--- PROBLEM STATEMENT ---
Go to the line containing "SS54602 Missouri License Plate" in the records below and print it and every following line exactly, on through the line containing "Vector icon of", then stop.

--- EXTRACTED INFORMATION Enclosed Below ---

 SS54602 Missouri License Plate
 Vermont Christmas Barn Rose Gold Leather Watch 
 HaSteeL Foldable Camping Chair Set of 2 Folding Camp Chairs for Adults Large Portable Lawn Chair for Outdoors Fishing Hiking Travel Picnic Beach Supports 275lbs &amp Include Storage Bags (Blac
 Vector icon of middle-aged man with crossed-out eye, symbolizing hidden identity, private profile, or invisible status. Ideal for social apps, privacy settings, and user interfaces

--- End of Enclosed EXTRACTED INFORMATION ---
--- EXTRACTED INFORMATION Enclosed Below ---

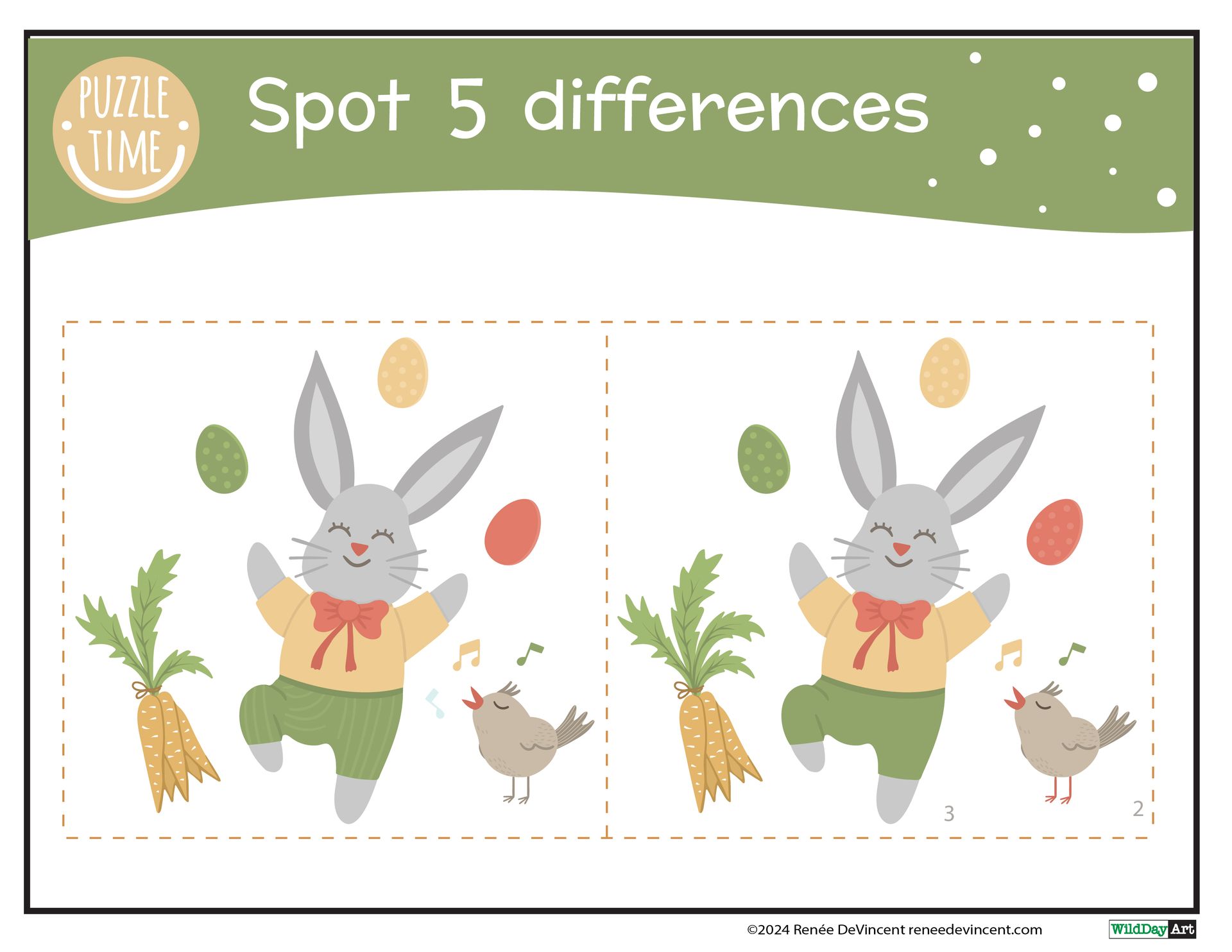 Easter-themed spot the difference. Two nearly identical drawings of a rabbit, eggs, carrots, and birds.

--- End of Enclosed EXTRACTED INFORMATION ---
--- EXTRACTED INFORMATION Enclosed Below ---

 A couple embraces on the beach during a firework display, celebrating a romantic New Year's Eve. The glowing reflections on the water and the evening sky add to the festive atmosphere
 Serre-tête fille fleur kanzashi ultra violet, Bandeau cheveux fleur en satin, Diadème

--- End of Enclosed EXTRACTED INFORMATION ---

--- RESPONSE AREA ---
 SS54602 Missouri License Plate
 Vermont Christmas Barn Rose Gold Leather Watch 
 HaSteeL Foldable Camping Chair Set of 2 Folding Camp Chairs for Adults Large Portable Lawn Chair for Outdoors Fishing Hiking Travel Picnic Beach Supports 275lbs &amp Include Storage Bags (Blac
 Vector icon of middle-aged man with crossed-out eye, symbolizing hidden identity, private profile, or invisible status. Ideal for social apps, privacy settings, and user interfaces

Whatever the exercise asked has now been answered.